Nükleer müzakerelerin uzlaşmayla neticelenmesi ve sürecin bundan sonra da olumlu biçimde ilerleyeceğinin anlaşılması üzerine, yeniden dünyayla ekonomik açıdan kaynaşma ihtimali bulunan İran'ın durumunun Türkiye'yi nasıl etkileyeceğine ilişkin yorumları okumuşsunuzdur. Malumunuz çoğu, ekonomik bir değerlendirme yapıyor ve ülkemiz lehine fevkalade gelişmeler olacağını söylüyordu. Söylenenler, bir türlü kafama yatmıyordu. 20 Temmuz Pazartesi günü Süleyman Seyfi Öğün Hoca'nın “30 Milyar dolarlık bir ticâret hacmi ihtimâline bakıp, ellerini ovuşturanlara hatırlatılır...” diye biten yazısı kısmen hislerime tercüman oldu.
“Îranlıların Hind-Avrupa köklere sâhip edebî dilleri, uzun bir târihe karşılık gelen müesses düzenleri onlara Batı'nın gözünde özel bir konum kazandırmıştır.

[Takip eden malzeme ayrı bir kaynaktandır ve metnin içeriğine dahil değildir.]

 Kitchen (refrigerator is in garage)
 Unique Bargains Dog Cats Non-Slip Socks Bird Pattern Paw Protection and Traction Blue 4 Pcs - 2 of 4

Asyaik ve göçebe bir târihe sâhip olan «vahşi» Türklere nispetle «medenî» Farslar, Batı algısında garip bir yakınlığın ve sıcak bir ilginin konusu olmuşlardır. Birinci derecede Ömer Hayyam şiiri ve Rûmî olarak tanıdıkları Mevlânâ “felsefesi” bu algının sembolik karşılıklarıdır.” Öğün Hoca'nın bu tespitleri, Türk tarihiyle ilgilenenlerin hiç yadırgamayacakları ama bilmeyenlerin de hızla zihinlerine kazımaları gereken gerçeklerdir. Batı akademyasının Asya-Türk tarihine ve coğrafyadaki Türk varlığına şüpheyle bakmalarında, Hunların hala Türk olarak kabul edilmemesinde de bu gerçeklerin payı büyüktür. Batılıların Fars sevgisine, İslamcılar bile karşılık vermiş, “devrim” sonrası arî kökenlerini vurgulayan, “Aryanların ülkesi” manasındaki “İran” adını özenle korumuşlardır. “Devrim”e kadar İran'ın Batı nezdinde itibarı Türkiye'den çok daha yüksektir. Batı'nın Türkiye merakı ve ülkemizin jeo-konjonktürel değeri ancak “Devrim” sonrası artmış, kimilerince, 12 Eylül Darbesi bile İran'ın kaybından doğan boşluğunu doldurmak için yapılmıştır.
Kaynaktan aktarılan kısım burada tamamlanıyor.